All the top six made it through and that just left our Ben and Mark to fight it out in the dance off, Ben bottom for the night on 27, Mark, miraculously a point higher. The dance off was a funny affair. Both dancers spoke like it would be their last dance, relief in their voices and body language, and cometh the result, the surprising departure of Big Ben, he spoke of ‘being on borrowed time’ for a while. He took his departure with elegance and stoicism. Having had a life full of ups and downs, he used to work for Express Lifts in Northampton, he knew that it was just a game show, not life and death. His dad died trying to protect a fight victim thirteen years ago not having seen his son dance or win the Rugby World Cup though he watched Ben’s uncle win the 1966 World Cup alongside the Charltons and Bobby Moore. Oh, and Geoff Hurst.
I liked Ben’s Charleston to ‘No Diggity’, the theme a strong man in a sports hall-cum-gym, a pommel horse and free weights adorning the floor. He lifted well, of course he did, Kristina flirted beautifully with the dance in her sky blue cheer leaders outfit, fresh from Dallas, and between them they produced a nice dance, a little slow but with smart timing.
The dance was a little tepid in terms of speed, electricity and deliverance and that, apart from a cupple of mistakes, was what did for Ben. As I have mentioned before Ben is super-fast on his feet so why not make the dance fast?
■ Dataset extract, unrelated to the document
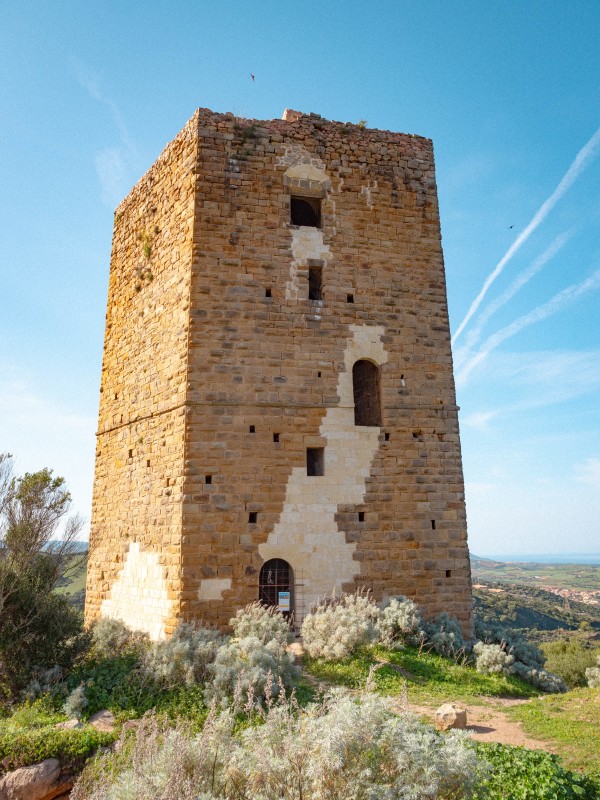 Castello di Casteldoria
Everything looked slow because he was holding back his natural tendency to rip up the turf in front of him. If they had started in 6th gear not second, and then slowed to 4th, it would have worked better and Mark would now be home.
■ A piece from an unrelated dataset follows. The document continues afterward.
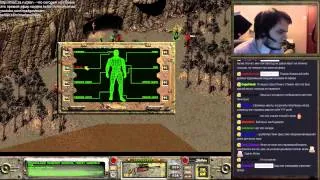 ночной fallout 2 challenge (после вылета)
As is Mark survived the producers’ last googly, that music, in a Fox Trot that was described as funn, jolly and Vaudeville, surely that says it all, as he trundled into his third dance off, now a veteran thereof. The routine began with Mark in bed. On the sound of the alarm he whipped off his jimmies and stood resplendent in a traditional dark suit with white tie, looking like a combination of Terry Scott and my step-dad Mike. I’veMetHer wore a gorgeous pinky peach, full length frock that would look great in my wardrobe.Having faffed for forty seconds, some pigeon toed oversways, a few blats and some patter cake featuring, they actually started to dance and somehow he found the music and the rhythm as the projectors flooded the floor with white poppies, surely the opiate used by the producers this week. Bless Mark for being a great trier; his stock has risen much since September.
And so we are left with the Magnificent Seven, or should that be the Super Six?
And as a parent desperate to parent well I hope that my child slept well on Sunday night and woke up feeling better in a different frame of mind on Monday morning. If not it could soon be up for adoption.